Short web captions:
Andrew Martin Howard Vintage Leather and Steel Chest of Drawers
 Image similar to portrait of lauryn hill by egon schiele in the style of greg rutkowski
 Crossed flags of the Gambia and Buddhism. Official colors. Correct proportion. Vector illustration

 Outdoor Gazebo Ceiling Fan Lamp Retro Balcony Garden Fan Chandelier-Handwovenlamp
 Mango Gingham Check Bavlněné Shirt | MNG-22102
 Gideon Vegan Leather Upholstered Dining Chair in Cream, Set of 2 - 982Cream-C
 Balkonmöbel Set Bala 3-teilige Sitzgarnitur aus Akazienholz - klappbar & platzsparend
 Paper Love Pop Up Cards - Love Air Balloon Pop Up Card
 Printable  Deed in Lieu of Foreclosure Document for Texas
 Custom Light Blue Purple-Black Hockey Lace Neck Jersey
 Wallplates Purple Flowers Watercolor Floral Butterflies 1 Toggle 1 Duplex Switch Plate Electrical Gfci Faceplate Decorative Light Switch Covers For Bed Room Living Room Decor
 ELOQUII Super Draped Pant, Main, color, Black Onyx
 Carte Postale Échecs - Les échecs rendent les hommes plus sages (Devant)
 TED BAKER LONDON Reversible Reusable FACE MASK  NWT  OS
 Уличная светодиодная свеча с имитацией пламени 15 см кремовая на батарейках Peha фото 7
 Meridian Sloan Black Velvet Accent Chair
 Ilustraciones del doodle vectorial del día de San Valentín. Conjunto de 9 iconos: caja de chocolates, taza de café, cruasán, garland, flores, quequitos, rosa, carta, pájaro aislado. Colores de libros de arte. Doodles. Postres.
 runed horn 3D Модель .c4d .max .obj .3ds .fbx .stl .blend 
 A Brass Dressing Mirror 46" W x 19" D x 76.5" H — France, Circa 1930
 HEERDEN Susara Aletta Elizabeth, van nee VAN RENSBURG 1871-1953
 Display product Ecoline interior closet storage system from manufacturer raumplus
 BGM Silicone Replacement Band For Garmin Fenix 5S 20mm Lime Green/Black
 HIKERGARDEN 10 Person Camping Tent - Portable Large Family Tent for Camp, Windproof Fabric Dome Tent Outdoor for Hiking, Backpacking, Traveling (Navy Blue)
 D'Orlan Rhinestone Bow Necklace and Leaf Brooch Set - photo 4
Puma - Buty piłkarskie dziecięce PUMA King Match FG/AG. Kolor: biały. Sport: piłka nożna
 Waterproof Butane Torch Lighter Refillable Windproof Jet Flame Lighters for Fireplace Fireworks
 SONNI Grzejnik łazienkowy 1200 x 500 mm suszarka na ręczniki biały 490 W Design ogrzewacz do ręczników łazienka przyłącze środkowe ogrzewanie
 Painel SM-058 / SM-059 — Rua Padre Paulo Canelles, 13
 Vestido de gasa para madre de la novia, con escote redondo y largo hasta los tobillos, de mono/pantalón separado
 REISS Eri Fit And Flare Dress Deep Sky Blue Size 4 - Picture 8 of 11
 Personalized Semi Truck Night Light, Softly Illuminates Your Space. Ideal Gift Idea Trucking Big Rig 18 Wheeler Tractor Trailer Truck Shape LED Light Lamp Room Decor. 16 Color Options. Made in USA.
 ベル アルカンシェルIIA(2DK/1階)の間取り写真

# TASK DIRECTIONS:
Lines from the one containing "Vestido de gasa" through the final line of the entries are the only ones to print, and each must match exactly.

# REPLY TO THE TASK:
 Vestido de gasa para madre de la novia, con escote redondo y largo hasta los tobillos, de mono/pantalón separado
 REISS Eri Fit And Flare Dress Deep Sky Blue Size 4 - Picture 8 of 11
 Personalized Semi Truck Night Light, Softly Illuminates Your Space. Ideal Gift Idea Trucking Big Rig 18 Wheeler Tractor Trailer Truck Shape LED Light Lamp Room Decor. 16 Color Options. Made in USA.
 ベル アルカンシェルIIA(2DK/1階)の間取り写真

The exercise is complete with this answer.